In a way, E-mail has fallen victim to its own ruthless speed and efficiency. Critical information gets swiftly buried in lengthy message chains. Important E-mails get swept away by a relentlessly rising tide of even more important E-mails. Folders brim with volumes of unread E-newsletters . It’s message overload.
Many people I know have no qualms about declaring E-mail bankruptcy by deleting large swaths of unread messages from their inbox. ”If it’s really all that important, they’ll resend it,” is a common refrain.
I should also mention the indirectness and politics behind Cc and Bcc-ing people can get annoying.
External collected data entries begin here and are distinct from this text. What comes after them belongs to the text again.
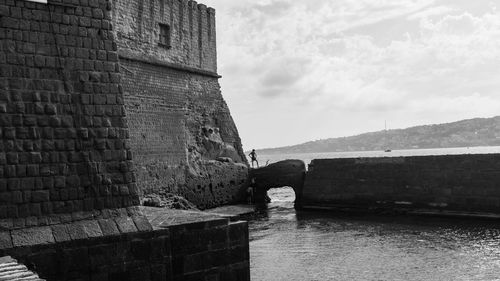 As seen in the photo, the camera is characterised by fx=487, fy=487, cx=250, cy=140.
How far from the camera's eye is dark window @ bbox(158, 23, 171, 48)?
70.9ft

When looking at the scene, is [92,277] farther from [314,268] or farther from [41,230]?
[314,268]

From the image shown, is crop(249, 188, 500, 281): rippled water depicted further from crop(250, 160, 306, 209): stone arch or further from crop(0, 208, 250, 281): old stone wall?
crop(250, 160, 306, 209): stone arch

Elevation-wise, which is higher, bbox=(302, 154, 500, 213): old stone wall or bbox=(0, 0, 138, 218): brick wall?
bbox=(0, 0, 138, 218): brick wall

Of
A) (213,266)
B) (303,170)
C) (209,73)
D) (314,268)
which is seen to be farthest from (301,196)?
(213,266)

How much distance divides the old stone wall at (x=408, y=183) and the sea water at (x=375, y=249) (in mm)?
1060

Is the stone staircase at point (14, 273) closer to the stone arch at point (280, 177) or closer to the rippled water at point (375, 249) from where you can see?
the rippled water at point (375, 249)

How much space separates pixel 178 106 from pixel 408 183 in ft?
35.0

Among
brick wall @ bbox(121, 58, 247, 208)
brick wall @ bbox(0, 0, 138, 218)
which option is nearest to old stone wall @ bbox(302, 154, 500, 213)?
brick wall @ bbox(121, 58, 247, 208)

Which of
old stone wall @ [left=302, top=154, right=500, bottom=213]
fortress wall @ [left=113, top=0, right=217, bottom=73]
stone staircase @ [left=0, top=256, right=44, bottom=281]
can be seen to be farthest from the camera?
fortress wall @ [left=113, top=0, right=217, bottom=73]

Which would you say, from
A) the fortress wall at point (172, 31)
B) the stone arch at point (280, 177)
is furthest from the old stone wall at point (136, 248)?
the stone arch at point (280, 177)

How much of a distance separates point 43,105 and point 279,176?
19.0 meters

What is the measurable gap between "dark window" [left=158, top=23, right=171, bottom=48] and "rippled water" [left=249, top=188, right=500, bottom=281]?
8.74m

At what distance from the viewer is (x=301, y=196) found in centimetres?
2405

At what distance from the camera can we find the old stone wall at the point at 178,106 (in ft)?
63.8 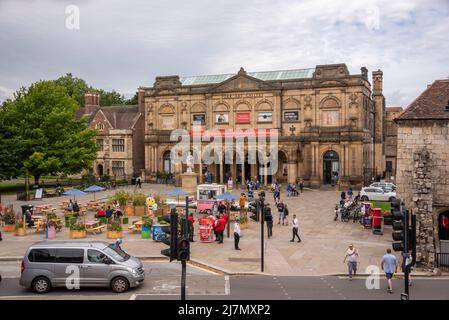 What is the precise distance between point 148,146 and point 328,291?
50939mm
I’ve often wondered if the workplace would be more efficient if we’d have invented the phone after E-mail. Sheesh, why would I want to write a dozen E-mails when we can wrap up our entire conversation in two minutes using this–how do you pronounce it?–tel-e-phone?
Of course, hardly anyone picks up the phone or checks voice mail anymore. Society put the phone to rest a long time ago for the very same reasons many people today wish to put the kibosh on E-mails. Admittedly, I’m starting to fall into the anti-E-mail camp myself.
Naturally, I’m not ready to quit cold turkey. Most (almost all) people rely heavily on E-mail, especially in marketing, PR, and media relations. E-mail is the industry gold standard for business communication, and it is not going away anytime soon.
Still, with the multitude of other communication platforms now available, it makes sense to re-evaluate E-mail and see if there might be a more smarter way to communicate with the folks that matter most to you and your business.
With that in mind, and because I’m the Top Dog at my agency (the only dog, really), I’ve decided to take one small step forward in decreasing my E-mail dependency. My plan: Starting today, I’m not checking E-mails on Thursdays.
Why Thursday? Hold that thought for a future blog post. Just because will suffice for now.
So, instead of separating wheat from chaff in my inbox, I will whole-heartedly devote Thursdays to writing, planning, reading, listening and conversing with people in real time, and focus on completing the multitude of office tasks great and small that get shuffled under the rug when there’s a new-message prompt teasing you from the corner of the computer screen.
Don’t confuse my plan with going Off The Grid. On the contrary, I’m encouraging people to contact me by any other means possible. Call me or send me a text to my mobile. Direct Message me on Twitter (which guarantees our communication will be short and sweet). Video conference with me on Skype. Flare gun. Smoke signals. It doesn’t even have to be all that urgent. Let’s just give E-mail a rest for a day and get things done.
So people don’t think I’m a jerk and ignoring them, here’s what I’m saying on my E-mail’s auto-response message.
Subjet:
It’s No E-mail Thursday…but you can still reach me!
Message:
ZOINKS!
I’ve stopped monitoring my E-mail inbox on Thursdays. Reason: today is all about creativity, personal interaction, and getting stuff done at work. I’ll read and respond to your E-mail as soon as I can…tomorrow.
If you are media or a client–or anyone else for that matter–you can still get a hold of me today via Twitter, Skype, Google Chat, or calling or texting my mobile phone (see below).
I appreciate your patience and flexibility and look forward to connecting with you soon!
This is both a social and technology experiment for me. We’ll see how it goes after a few weeks. Maybe I’ll cave. Maybe I’ll just scrap the idea. Or maybe, just maybe, I’ll decide to cut back on E-mail even more. If it saves time, increases productivity, and increases the quality of my relationships, the exercise will be worth it for both me and my clients.